The Japonize Elephants – Bob’s Bacon Barn

5 out of 5

Label: Secretly Canadian

Producer: Michael Flynn (engineer)

I’m honestly not sure if I’ll be able to conjure words about this one.

Japonize Elephants shouldn’t be as entertaining as they are; their albums should not be as satisfying as they are.  They should be a novelty band – what with their ‘traditional’ klezmer / folk non-stop banjo stomp and their made-up character names and maybe costumes and odd album themes that seem wholly rooted in down-home mentality but totally abstracted from reality… and yet, there’s something so legit about their recordings (Bob’s Bacon Barn included, of course), that though you can sense the silliness and smiles behind it, it is, at the same time, damned intensely played and sung.  Which, again, doesn’t mean it’s serious at all, if track names like ‘Dingle Berries’ and ‘Flaming Asshole’ didn’t give something away.  But while the hick-toned jug-whistlin’ chorus of ‘Fuck the Farmacia’ or the creepy / catchy chanted theme of ‘Elvesinsideus’ might make you roll your eyes if you happen to know the ‘real’ ‘Mummy Boy’ or ‘Shmeeglewop’ – two named band members for this recording – the division between stage identity and real life becomes understandable, as I accept this as the only way Japonize Elephants could exist.  It’s not a kitschy decision so much as an evolved idea; this might be why the group sounds so tightly wound, though sprawling sprightly over so many instruments and time signatures.  Compare to Black Twig Pickers – whom I like – whose traditional folk structures inform their overall pitch as a band, or on a different end of the spectrum, Wolfmother – whom I also like – who purposefully nab from influences to update a template – both groups will always be sounds-like, even though it might be used flatteringly in one context or as a criticism of rip-off in the other.  Elephants, however, sound only like themselves.  They are folk, or something, but it’s their own planet of it.

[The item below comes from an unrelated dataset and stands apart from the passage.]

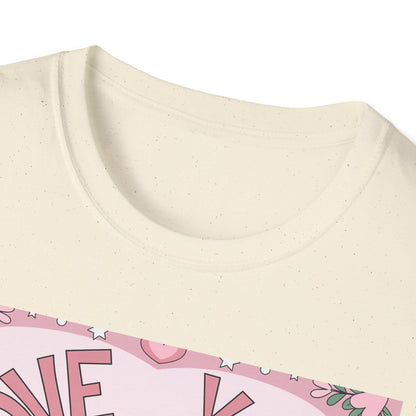 Charming "Love You Forever" Floral T-Shirt - Romantic Daisy & Rose Bouquet Tee for Sweet Hearts & Special Gifts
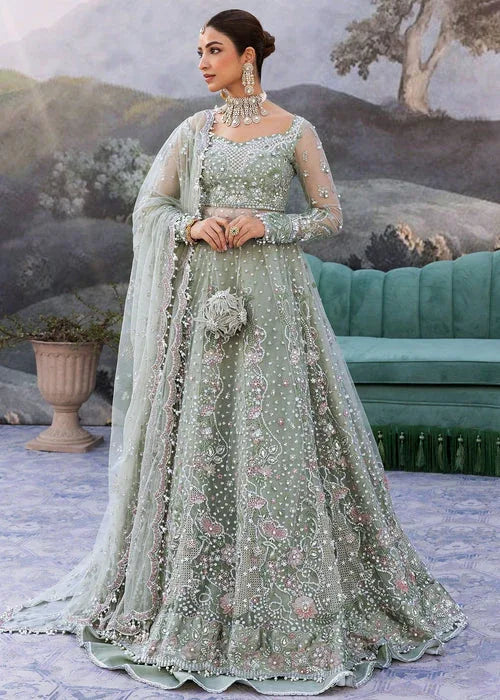 Sadaf Fawad Khan | Wedding Festive 25 | Seafoam - Rang-e-Khaas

To clarify, I couldn’t name you which album which song is off of, or at many points tell you a distinct difference between every track.  I would normally say this as a sleight, but it’s hardly a point for the band.  The group is able to whip up a 40-minute frenzy, using the slight deviations and forced pauses of a track structure to ebb and flow such that you never get tired or over-exposed.  Will their other albums also net five stars?  We’ll know when we get there.  ‘Bacon Barn’ is a perfectly little capsule – a paced lead in for the opening song, an odd little spoken word doodad near the close that works as a carnival barker announcement of all you’ve just heard, putting the finishing touches on the design of The Japonize Elephants.  I tap my toe the entire time this is on.  Perhaps you will think the disc is dumb, but the group will carry on playin’ in the background regardless, snappin’ their suspenders and wagglin’ buckteeth or something.